If it is> level, TAuGi is used as it is in step S44. That is, TAuGo before iG OFF is reset.
On the other hand, if ≤ level, the difference is small, and therefore, in step S45, TAuGo is replaced with TAuGi. Steps S46 and S47 are the same as steps S28 and S29 in FIG.

〔The invention's effect〕

As described above, according to the present invention, the abnormal learning amount is automatically corrected to the initial value side, so that it is possible to prevent the operation from continuing with the air-fuel ratio deviating from the theoretical value, and to reduce the engine speed. Stability (idle, running surge, car knock, etc.) is improved.
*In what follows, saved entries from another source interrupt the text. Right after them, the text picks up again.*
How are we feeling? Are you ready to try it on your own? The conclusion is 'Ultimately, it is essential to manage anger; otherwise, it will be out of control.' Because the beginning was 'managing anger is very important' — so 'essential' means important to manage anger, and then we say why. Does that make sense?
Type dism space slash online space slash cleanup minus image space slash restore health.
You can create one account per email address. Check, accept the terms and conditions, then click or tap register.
Further, overheating of the catalyst, exhaust gas failure, engine stall, knocking, and the like can be prevented. Furthermore, in this application, by reflecting the learning terms after iG is turned on,
For example, replace the sensor with a normal sensor before iG is turned on, and when returning to normal after iG is turned on, use what has been learned from iG on as it is, without performing complicated calculations and always matching the vehicle environment. Learning control.
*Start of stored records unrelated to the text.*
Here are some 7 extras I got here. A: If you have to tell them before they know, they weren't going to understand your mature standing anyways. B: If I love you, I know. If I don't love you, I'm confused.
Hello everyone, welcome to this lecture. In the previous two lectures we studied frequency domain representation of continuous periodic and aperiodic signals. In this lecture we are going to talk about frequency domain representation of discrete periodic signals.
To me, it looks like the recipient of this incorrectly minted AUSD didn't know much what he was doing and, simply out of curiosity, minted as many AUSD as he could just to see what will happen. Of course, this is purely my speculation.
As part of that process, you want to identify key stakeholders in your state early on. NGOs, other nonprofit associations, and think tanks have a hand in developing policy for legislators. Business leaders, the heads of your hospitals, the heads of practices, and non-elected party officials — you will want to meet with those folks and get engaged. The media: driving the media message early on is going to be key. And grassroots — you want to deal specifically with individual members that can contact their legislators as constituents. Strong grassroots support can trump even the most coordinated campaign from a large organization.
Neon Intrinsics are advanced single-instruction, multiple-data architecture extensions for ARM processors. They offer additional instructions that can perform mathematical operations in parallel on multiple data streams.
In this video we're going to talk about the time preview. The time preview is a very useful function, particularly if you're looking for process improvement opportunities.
[Brief description of the drawings]

1 to 3 are flowcharts showing different embodiments of the present invention, FIG. 4 is a configuration diagram of an engine control system, FIG. 5 is an explanatory diagram of feedback control, FIG. 6 is a characteristic diagram of injection time, FIG. FIG. 7 is an enlarged view of FIG. 6 (a).

Claims (1)

(57) [Claims] A fuel injection amount is set based on output values from various sensors, an O ₂ sensor is installed in exhaust gas of an internal combustion engine to determine an air-fuel ratio of a supplied air-fuel mixture, and a logical value of the air-fuel ratio is determined. The electronic fuel injection which introduces a learning amount (TAuG, KG) for correcting the fuel injection amount so that the average value of the feedback control coefficient (FAF) becomes a predetermined value while feedback-controlling the fuel injection amount so as to maintain the fuel injection amount. The control device detects that a difference between a learning amount stored before the ignition switch is turned off and a learning amount calculated from an initial value which is a predetermined value after the ignition switch is turned on is equal to or more than a predetermined value. Then, the electronic fuel injection control device further comprises reset means for directly using the learning amount calculated from the initial value after the ignition switch is turned on.